The summer came on early, raising our May temperatures into the 90s, and soaking every hopeful twig and root with zone 5 rainfall. The tomatoes and I love it. The trees don’t know what to do with themselves, pouring out leaves like the sky’s the limit, and there was an inflorescence of spirea this year like nothing I can remember.
I invited myself into someone’s backyard to take this picture, while I was walking around my old neighborhood – a curlicue of streets that go nowhere, lined with unremarkable ranch homes gussied up by their young, trendy owners with all the midcentury touches the previous generation was too tight to bother with. The neighbor seemed suspicious of me as I stalked across the grass toward this glorious, disheveled creature draped behind the garage. Introducing myself only made it worse. She furrowed her eyebrows at me and retreated to a safe distance, not eager to make friends.
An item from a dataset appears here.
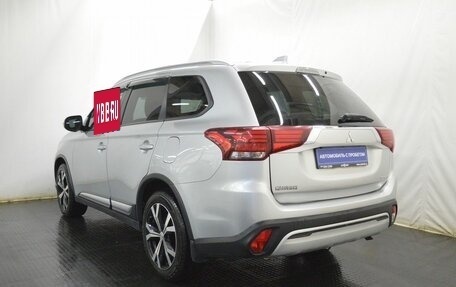 Mitsubishi Outlander III рестайлинг 3, 2019 год, 2 150 000 рублей, 7 фотография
I suppose I am an odd duck, in my orange floppy hat and long sleeves, sweaty and smiling for no apparent reason. But I’ve become so accustomed to invisibility – as every middle aged woman does – that I’m sure I can go anywhere, really, completely unremarked. “Oh, I just thought she was your grandmother!” they’d surely say, as I make off with the loot.
I have been making this picture over and over again, ever since spring broke out along branches and side streets and the green open edges that meet every human habitat here. Any backyard will do. I suppose I am looking for the open place where you can see into the heart of what’s growing. Yes, that is it. The open place. I’m sure of it.